The antenna (or aerial)

Connected to your receiver, it will pick up not only amateur signals, but all other signals as well! This means that the receiver has to select the one signal that interests you, while rejecting all the others. The following stages do just that.

The RF filter

This stage (centred around L1) selects the band of radio frequencies (RF) containing the signal you want, in this case, those having wavelengths around 20 m. Signals from the 40 m band, for example, would not get through.

The crystal oscillater

This is an oscillator circuit designed around a quartz crystal (X1), and has a very stable frequency. It produces a single, very pure frequency to feed into the mixer. A crystal having a frequency between 8.800 MHz and 9,000 MHz is suitable for this circuit. The oscillator and mixer functions are both carried out inside IC1.

The first mixer

Yes, this stage ‘mixes’ two signals together. In this case, the two signals are (i) from the aerial via the RF Filter, and (ii) from the crystal oscillator. Twobands of signals emerge from the mixer. The first is centred upon a frequency equal to the incoming signal frequency added to the crystal frequency, and the second is centred upon a frequency equal to the incoming signal frequency subtracted from the crystal frequency. Look at an example – if the signal is at 14 MHz and the oscillator at 9 MHz, then the mixer outputs will be 14 + 9 = 23 MHz and 14 – 9 = 5 MHz.

Intermediate frequency (IF) filter

It is the purpose of the IF filter (centred around L2) to select only one of these two bands of frequencies emerging from the mixer. In this case, it is the lower band of frequencies (around 5 MHz) which we select. This is because, in general, lower frequencies are easier to handle than higher ones.

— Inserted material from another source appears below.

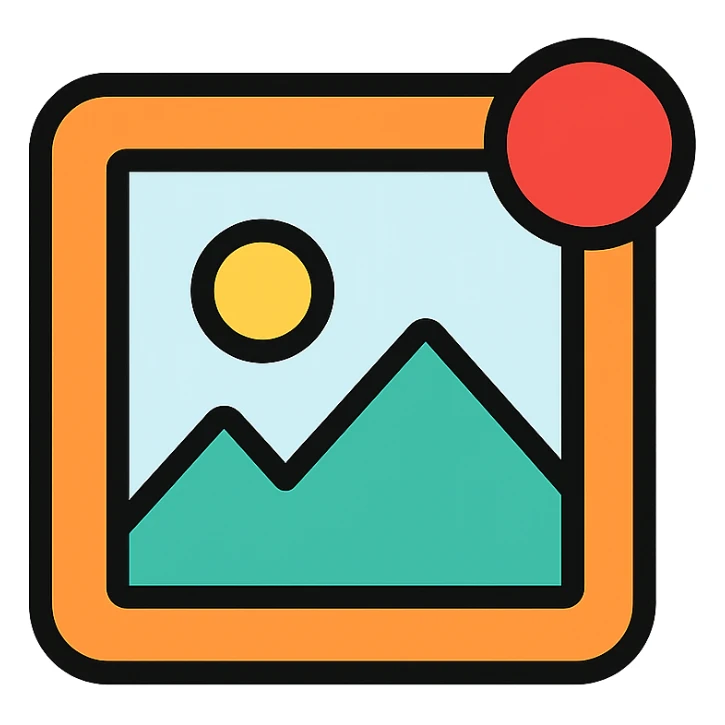 Instagram post icon featuring a photo frame and notification dot, modern icon style sticker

Variable-frequency oscillator (VFO)

The VFO (part of IC2) enables us to tune into a particular station, and operates over a band of frequencies between 5 MHz and 5.35 MHz in this receiver. You will notice that IC1 and IC2 are the same type of chip, so that you will be expecting another mixer stage to be associated with the VFO. You are quite right!

The second mixer

This mixer obeys exactly the same rules as those of mixer 1. Sum and difference frequencies are produced, like this. Mixing is between the incoming IF signals (around 5 MHz) and the VFO signals (around 5 MHz), producing output frequency bands centred upon 10 MHz and 0 MHz. The use of the words ‘band of frequencies’ throughout this explanation is intentional. If all the signals were pure, there would be no bands; the bands are produced because of one thing – the modulation imposed on the pure frequencies at the transmitter. So, the ‘bands’ contain the one thing that we want to extract from the signal, and that is the speech or Morse code that the signal contains. The band of frequencies at 0 MHz is just that – the audio frequencies we want in the loudspeaker. Because of this, the audio frequency output of the second mixer is selected and passed on for amplification.

The audio preamplifier

Preliminary amplification of the minute audio signal which emerges from the second mixer is provided by IC4a, which will respond only to audio signals, automatically rejecting the 10 MHz signal.

The audio filter

The bandwidth of normal speech when transmitted by an amateur station is around 3 kHz, so there is no advantage to be gained in amplifying frequencies greater than this. IC4b is known as a low-pass filter, because it passes (lets through) lower frequencies and rejects higher ones.

The power amplifier

IC5 produces the final audio amplification and provides enough power (about 350 milliwatts (mW) to drive a small speaker.

How does it work on 80 m?

If you have fitted the 80 m modification to your receiver, you are probably wondering how the circuit works at this different frequency. Firstly, the filter which you fitted selects the 80 m band instead of the 20 m band. The only other slight difference lies in the way the first mixer stage works. Its job is to produce sum and difference frequencies from the incoming signal and crystal frequencies. On 20 m, it did this by subtracting the crystal frequency (9 MHz) from the incoming frequency (14 MHz) to produce an IF output of 5 MHz. On 80 m, the incoming frequency (3.5 MHz) is subtracted from the crystal frequency (9 MHz) to produce an IF output of 5.5 MHz, which is still within the tuning range of the VFO in the next stage.